** AVAILABLE DATA follows **
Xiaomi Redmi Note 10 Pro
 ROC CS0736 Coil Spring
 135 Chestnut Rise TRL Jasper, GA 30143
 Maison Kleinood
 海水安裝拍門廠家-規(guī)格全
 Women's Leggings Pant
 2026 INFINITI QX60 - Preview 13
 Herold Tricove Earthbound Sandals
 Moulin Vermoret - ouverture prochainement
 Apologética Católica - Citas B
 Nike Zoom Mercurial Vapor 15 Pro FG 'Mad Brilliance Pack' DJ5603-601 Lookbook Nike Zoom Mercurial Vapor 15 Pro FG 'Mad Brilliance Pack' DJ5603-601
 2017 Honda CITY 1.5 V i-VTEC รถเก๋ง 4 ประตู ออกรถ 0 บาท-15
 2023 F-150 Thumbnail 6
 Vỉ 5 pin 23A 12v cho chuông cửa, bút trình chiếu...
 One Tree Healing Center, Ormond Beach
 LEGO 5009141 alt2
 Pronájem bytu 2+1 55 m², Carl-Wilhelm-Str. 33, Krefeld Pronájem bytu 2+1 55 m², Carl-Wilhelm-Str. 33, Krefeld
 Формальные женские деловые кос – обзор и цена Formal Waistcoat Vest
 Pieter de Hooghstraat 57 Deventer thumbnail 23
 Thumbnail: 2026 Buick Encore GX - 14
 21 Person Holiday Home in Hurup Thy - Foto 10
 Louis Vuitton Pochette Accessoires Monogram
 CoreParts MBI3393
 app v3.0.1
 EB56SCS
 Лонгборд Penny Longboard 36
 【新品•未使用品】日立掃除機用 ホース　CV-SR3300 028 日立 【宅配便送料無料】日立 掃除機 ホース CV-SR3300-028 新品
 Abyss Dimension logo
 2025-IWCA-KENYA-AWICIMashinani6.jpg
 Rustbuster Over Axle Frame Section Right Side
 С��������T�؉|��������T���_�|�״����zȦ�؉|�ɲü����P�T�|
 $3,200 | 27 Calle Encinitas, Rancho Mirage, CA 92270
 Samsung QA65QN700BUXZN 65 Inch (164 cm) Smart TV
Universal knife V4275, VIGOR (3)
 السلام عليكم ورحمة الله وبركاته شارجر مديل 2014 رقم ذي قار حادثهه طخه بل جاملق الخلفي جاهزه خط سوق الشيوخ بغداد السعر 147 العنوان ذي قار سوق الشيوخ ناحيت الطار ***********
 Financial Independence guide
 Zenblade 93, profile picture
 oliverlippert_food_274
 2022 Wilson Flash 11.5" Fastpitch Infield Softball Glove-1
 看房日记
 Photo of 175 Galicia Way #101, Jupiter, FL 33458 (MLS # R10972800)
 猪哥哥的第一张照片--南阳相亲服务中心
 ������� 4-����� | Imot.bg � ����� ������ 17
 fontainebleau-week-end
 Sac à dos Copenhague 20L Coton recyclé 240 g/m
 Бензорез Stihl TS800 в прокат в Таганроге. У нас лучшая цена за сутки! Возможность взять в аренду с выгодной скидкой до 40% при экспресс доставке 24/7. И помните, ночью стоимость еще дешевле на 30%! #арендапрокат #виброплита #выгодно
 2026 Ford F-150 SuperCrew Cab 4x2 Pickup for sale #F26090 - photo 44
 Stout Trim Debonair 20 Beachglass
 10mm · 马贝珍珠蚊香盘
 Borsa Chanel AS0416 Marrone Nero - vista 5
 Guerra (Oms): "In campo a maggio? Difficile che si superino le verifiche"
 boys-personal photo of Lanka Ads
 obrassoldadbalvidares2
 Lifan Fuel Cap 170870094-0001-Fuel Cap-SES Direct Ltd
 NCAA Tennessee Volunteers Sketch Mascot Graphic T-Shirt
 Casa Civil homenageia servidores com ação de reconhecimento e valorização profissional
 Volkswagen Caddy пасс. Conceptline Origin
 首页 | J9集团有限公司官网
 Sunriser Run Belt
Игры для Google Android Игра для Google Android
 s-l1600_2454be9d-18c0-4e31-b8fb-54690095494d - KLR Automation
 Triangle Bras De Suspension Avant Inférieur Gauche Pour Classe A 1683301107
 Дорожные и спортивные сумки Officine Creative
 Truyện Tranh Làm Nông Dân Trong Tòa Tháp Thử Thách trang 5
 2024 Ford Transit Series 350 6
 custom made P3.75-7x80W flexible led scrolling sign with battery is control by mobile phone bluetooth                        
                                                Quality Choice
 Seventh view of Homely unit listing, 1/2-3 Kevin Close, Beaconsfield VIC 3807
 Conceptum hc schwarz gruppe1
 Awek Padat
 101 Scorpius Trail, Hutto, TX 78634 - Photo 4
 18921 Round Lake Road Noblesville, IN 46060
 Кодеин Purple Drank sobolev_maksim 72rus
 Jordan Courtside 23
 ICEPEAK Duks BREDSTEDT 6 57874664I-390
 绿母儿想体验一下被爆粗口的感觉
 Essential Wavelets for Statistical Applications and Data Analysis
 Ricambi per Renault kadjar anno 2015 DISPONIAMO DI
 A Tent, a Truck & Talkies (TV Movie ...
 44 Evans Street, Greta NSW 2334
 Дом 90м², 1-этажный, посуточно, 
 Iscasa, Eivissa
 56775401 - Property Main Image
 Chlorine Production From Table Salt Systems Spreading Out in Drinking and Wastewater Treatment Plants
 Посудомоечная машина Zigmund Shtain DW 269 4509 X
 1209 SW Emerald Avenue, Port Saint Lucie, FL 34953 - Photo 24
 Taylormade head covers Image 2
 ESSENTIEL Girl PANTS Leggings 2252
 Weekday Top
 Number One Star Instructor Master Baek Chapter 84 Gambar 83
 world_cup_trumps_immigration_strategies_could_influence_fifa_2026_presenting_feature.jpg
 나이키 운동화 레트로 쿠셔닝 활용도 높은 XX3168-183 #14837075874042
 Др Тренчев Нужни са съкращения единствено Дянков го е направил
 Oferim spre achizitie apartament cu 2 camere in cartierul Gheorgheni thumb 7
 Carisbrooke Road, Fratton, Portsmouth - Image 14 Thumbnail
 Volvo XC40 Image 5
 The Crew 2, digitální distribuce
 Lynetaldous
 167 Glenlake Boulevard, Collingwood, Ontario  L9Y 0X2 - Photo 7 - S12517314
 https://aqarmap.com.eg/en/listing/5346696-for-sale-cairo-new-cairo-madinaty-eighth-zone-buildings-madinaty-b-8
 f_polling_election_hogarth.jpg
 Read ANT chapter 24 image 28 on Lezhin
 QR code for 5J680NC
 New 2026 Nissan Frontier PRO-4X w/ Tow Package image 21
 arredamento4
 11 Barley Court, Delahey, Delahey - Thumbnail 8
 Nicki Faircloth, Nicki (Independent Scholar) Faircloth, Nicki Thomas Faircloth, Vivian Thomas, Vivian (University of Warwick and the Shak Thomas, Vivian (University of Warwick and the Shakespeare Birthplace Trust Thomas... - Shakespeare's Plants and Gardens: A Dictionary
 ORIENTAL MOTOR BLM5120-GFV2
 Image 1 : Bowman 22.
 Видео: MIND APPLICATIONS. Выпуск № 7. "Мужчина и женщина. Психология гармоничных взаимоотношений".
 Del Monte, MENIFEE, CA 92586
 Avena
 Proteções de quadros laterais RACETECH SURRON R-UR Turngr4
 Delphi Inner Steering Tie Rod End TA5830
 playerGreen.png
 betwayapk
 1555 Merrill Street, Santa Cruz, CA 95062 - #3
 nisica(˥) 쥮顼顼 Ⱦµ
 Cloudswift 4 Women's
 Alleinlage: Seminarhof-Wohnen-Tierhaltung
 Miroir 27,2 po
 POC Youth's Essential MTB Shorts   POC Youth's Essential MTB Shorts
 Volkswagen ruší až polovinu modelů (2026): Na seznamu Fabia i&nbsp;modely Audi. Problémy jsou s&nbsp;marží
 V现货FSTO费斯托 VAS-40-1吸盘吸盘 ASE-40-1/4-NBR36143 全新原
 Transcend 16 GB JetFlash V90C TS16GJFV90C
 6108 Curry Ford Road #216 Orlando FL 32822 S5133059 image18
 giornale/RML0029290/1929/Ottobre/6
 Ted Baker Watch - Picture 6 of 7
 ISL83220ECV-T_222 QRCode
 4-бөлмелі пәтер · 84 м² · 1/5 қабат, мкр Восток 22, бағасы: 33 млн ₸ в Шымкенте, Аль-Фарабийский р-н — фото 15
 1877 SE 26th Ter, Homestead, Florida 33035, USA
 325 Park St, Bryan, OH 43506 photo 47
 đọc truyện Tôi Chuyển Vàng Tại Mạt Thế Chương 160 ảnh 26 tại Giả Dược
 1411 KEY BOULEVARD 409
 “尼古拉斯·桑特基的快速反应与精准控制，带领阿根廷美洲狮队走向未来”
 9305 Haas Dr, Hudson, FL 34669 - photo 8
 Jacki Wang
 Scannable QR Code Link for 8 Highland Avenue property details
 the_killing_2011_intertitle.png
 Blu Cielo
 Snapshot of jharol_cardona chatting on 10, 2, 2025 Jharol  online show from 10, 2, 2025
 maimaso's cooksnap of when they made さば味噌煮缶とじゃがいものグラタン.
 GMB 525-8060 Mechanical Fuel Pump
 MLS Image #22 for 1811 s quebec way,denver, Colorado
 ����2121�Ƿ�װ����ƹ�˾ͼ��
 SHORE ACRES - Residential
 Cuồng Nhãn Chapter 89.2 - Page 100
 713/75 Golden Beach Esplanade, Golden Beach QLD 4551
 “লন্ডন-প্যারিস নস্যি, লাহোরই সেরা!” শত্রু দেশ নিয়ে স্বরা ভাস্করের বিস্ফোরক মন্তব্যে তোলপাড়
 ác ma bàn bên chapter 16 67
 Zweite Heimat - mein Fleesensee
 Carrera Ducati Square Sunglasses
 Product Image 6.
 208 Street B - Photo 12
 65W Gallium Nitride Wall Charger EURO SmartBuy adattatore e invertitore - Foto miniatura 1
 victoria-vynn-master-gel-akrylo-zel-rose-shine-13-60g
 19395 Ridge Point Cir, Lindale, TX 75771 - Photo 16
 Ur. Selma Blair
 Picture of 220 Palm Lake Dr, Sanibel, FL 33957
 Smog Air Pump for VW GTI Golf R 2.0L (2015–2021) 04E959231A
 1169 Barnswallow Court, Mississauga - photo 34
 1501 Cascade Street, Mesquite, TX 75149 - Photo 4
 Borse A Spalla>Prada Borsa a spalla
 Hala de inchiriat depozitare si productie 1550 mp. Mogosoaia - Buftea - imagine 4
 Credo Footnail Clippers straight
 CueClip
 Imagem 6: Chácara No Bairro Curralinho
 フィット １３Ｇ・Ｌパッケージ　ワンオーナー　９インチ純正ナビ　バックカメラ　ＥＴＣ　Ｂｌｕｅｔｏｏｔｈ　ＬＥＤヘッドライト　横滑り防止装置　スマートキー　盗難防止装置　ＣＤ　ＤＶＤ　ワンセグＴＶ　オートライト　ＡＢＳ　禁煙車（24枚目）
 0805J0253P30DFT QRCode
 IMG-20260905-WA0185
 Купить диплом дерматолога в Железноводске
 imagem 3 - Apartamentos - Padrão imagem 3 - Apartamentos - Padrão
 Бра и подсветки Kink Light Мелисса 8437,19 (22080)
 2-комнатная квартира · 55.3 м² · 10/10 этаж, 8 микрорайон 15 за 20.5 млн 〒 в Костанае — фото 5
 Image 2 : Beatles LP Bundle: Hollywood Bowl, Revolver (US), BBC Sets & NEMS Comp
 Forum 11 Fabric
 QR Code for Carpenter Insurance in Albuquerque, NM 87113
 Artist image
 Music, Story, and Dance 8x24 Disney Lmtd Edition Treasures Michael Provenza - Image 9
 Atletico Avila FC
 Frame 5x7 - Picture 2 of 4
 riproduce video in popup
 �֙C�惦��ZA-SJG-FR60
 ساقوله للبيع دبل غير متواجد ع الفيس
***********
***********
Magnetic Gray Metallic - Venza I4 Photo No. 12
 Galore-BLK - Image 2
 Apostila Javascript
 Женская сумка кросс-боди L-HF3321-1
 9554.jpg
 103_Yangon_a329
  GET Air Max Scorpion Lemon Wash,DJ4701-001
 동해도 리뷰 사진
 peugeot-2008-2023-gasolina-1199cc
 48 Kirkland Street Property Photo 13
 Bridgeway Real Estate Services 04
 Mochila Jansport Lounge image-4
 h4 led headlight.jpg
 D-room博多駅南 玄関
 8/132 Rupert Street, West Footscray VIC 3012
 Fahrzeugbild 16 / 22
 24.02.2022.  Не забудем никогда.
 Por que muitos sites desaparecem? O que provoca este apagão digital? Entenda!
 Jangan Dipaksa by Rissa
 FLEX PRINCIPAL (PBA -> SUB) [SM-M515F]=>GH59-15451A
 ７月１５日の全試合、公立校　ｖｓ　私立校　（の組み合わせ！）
** End of AVAILABLE DATA **
- **ASSIGNMENT**
Check each line of the records above, and copy those that hold the word "Ford".

- **REPLY TO THE TASK**
 2026 Ford F-150 SuperCrew Cab 4x2 Pickup for sale #F26090 - photo 44
 2024 Ford Transit Series 350 6
 6108 Curry Ford Road #216 Orlando FL 32822 S5133059 image18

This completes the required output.